发布时间:2015-07-02 14:27

关键词: 鹿特丹规则/国际货物运输/加入

内容提要: 联合国新通过的《鹿特丹规则》,在内容上有很大变化,引入了不少新的概念,创设了一些新的制度,是一部调整海上货物运输及多式联运的世纪公约。我国应推动该公约尽早生效,并适时地加入公约,以促进我国航运业和国际贸易的发展。


一、《鹿特丹规则》的立法背景

在国际海上货物运输领域,目前有3个生效的国际公约同时并存,分别为1924年《海牙规则》(hague rules)[1]、1968年《维斯比规则》(visbyrules)[2]和1978年《汉堡规则》(hamburg rules)。[3]截至目前,仅加入《海牙规则》而未同时加入《维斯比规则》的国家(地区)有60多个,其中,除阿根廷、伊朗、以色列、马来西亚、波兰、葡萄牙、土耳其等少数国家在航运或贸易领域有一定影响外,其他大部分国家都是航运及贸易都不发达的发展中国家。加入了《海牙规则》同时又加入了《维斯比规则》的国家(地区)有32个,包括丹麦、法国、德国、希腊、意大利、荷兰、挪威、俄罗斯、新加坡、瑞典、英国以及我国香港地区等航运较发达的国家和地区。而《汉堡规则》共有34个缔约国,基本上都是航运和贸易均不发达的发展中国家。由于三个公约同时并存,加之还有一些国家(如我国、美国等)并未加入任何一部公约,他们的国内法的规定虽然或多或少地参照了上述公约的内容,但与其中任何一部公约相比又不完全相同,这导致在国际海上货物运输领域存在着较为激烈的法律冲突。

此外,随着造船技术、航运技术的发展,海上风险与以往相比已有所降低,因此,近几十年来,国际上要求重新平衡船货双方之间利益的呼声一直较为强烈。而随着航运和贸易的发展以及贸易和运输方式的变化,在实践中还出现了一些新事物、新问题,现行公约对之没有规定或无法有效解决,也迫切需要重新立法,以对这些新事物、新问题作出明确规定。

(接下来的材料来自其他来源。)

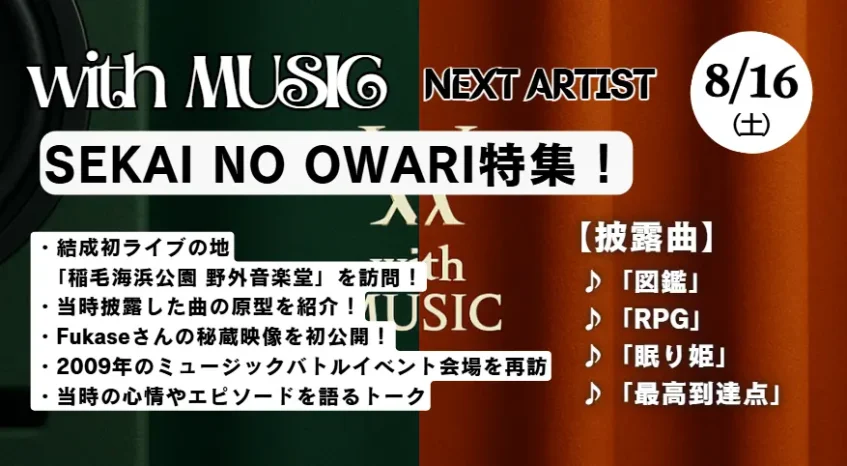 with MUSIC タイムテーブル【次回8/16放送】｜今日の出演者や順番・見どころ紹介！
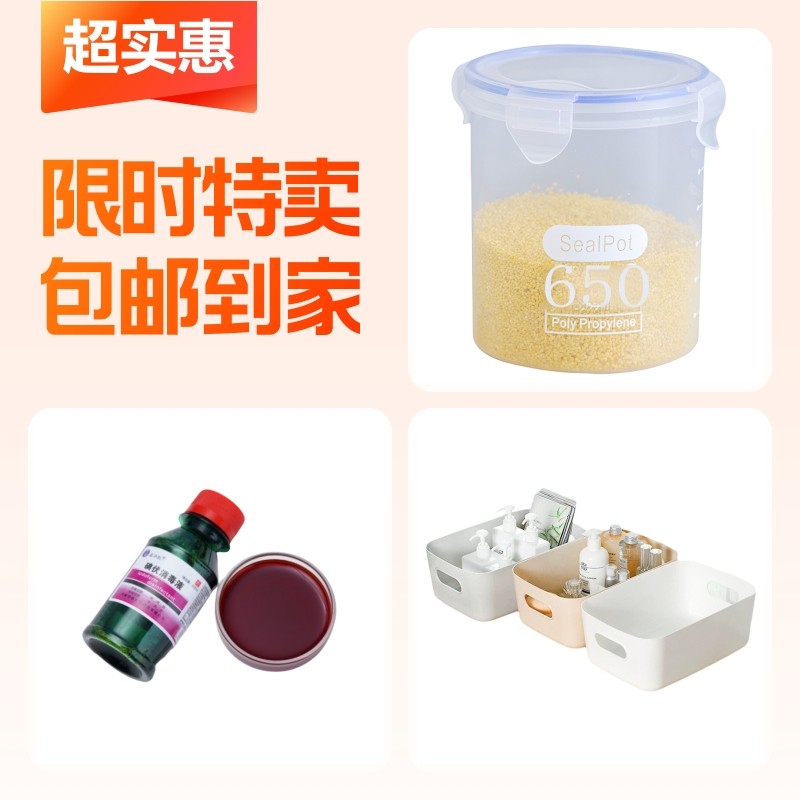碘伏消毒液+食物收纳盒+杂物整理盒,收纳整理,食物收纳盒,淘宝优惠券,粉丝福利购,淘宝优惠卷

正是为了重新平衡船货双方的利益,统一国际海上货物运输立法,并对航运和贸易实践中出现的新事物、新问题加以规定,以利于航运及贸易的顺利进行,促进其发展,国际社会于上世纪90年代中期决定重新制定一部新的公约,以取代上述三部海运公约。经过十余年的艰苦努力,最终,在2008年12月11日联合国大会第63届会议第67次全体会议上,审议通过了《联合国全程或部分海上国际货物运输合同公约》(united nations convention oncontracts for the international carriage of goods wholly or partly by sea)。2009年9月23日,公约的签字仪式在荷兰鹿特丹举行,因此,该公约又被称为《鹿特丹规则》(以下简称《规则》)。

二、《鹿特丹规则》的主要变化和立法特点

(一)《规则》的主要变化

与以往的海运公约、尤其是在国际上普遍适用的《海牙-维斯比规则》相比,《规则》的主要变化有:

1.为平衡船货各方利益,承托双方的义务和责任均有所加重。

在《海牙-维斯比规则》以及包括我国《海商法》在内的大多数国家的国内法中,有关调整海上货物运输合同的规范,都有一些较有利于承运人的规定,如航海过失免责和火灾过失免责、单位赔偿责任限制、较短的诉讼时效等。《规则》基于重新平衡船货双方利益的需要,对包括上述内容在内的承运人责任制度作出了较大变动,加重了承运人的义务和责任。这主要表现在:(1)取消了已过时的承运人航海过失免责和火灾过失免责的权利,使承运人责任基础由“不完全过错责任制”变为了“完全的过错责任制”(《规则》第17条第3款);(2)扩大了承运人履行船舶适航义务的期间,要求承运人在“航程中”也须履行谨慎处理使船舶保持适航状态的义务(《规则》第14条);(3)明确规定了承运人对因迟延交付而造成的货方损失也须承担赔偿责任《规则》第17条第1款);[4](4)较大幅度地提高了承运人的单位赔偿责任限额(《规则》第59条、第60条);[5](5)在无法识别承运人的场合,《规则》规定推定注册船东为承运人,除非注册船东举证船舶已经光租或披露真正的承运人是谁,此规定加重了注册船东的举证责任(《规则》第37条);(6)延长了货方对承运人提起诉讼的诉讼时效,由《海牙-维斯比规则》规定的1年延长到了2年(《规则》第62条)。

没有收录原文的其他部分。